##### Provided records #####

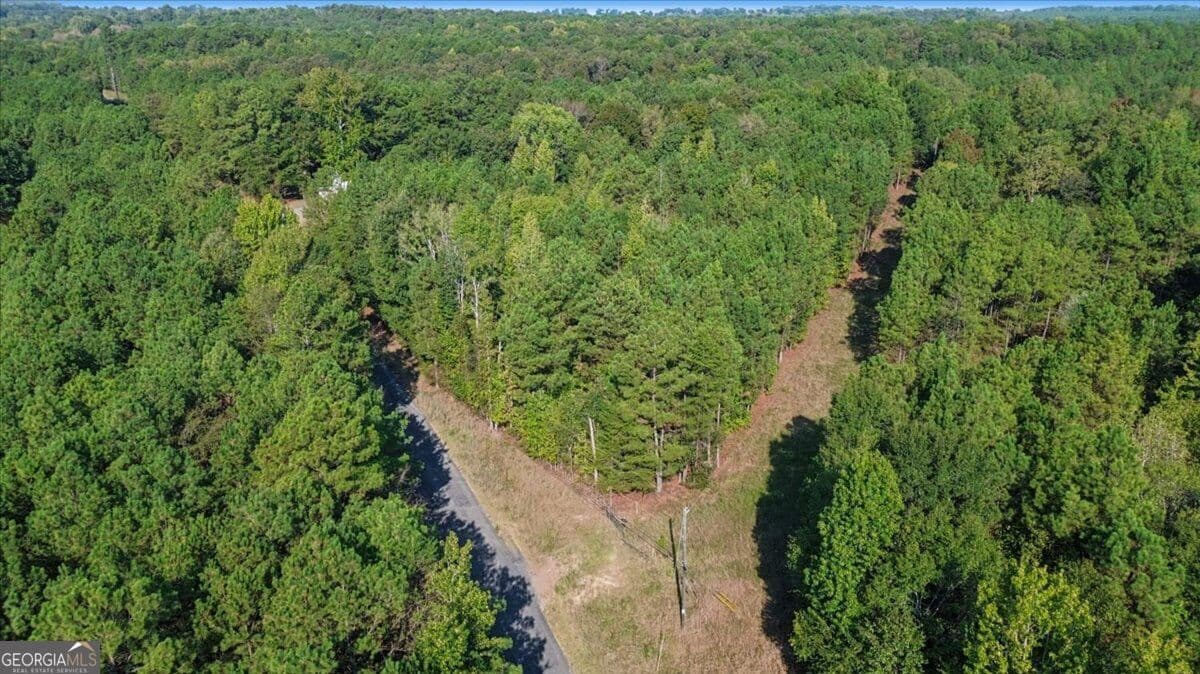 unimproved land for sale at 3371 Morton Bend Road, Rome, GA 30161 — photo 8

#####
##### Provided records #####

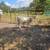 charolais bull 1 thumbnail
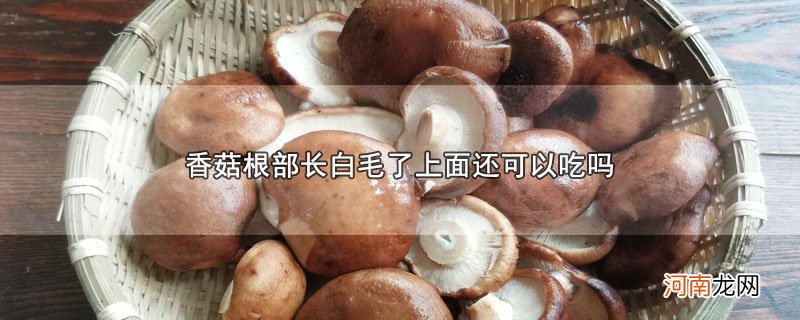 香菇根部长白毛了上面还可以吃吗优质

#####
##### Provided records #####

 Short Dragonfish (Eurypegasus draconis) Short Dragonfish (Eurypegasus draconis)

#####

Task requirements
In the listing above, find the line containing "charolais bull 1 thumbnail". Output it and every line after it up to and including the line containing "香菇根部长白毛了上面还可以吃吗优质", exactly, but skip the pictures.

Answer for this exercise
 charolais bull 1 thumbnail
 香菇根部长白毛了上面还可以吃吗优质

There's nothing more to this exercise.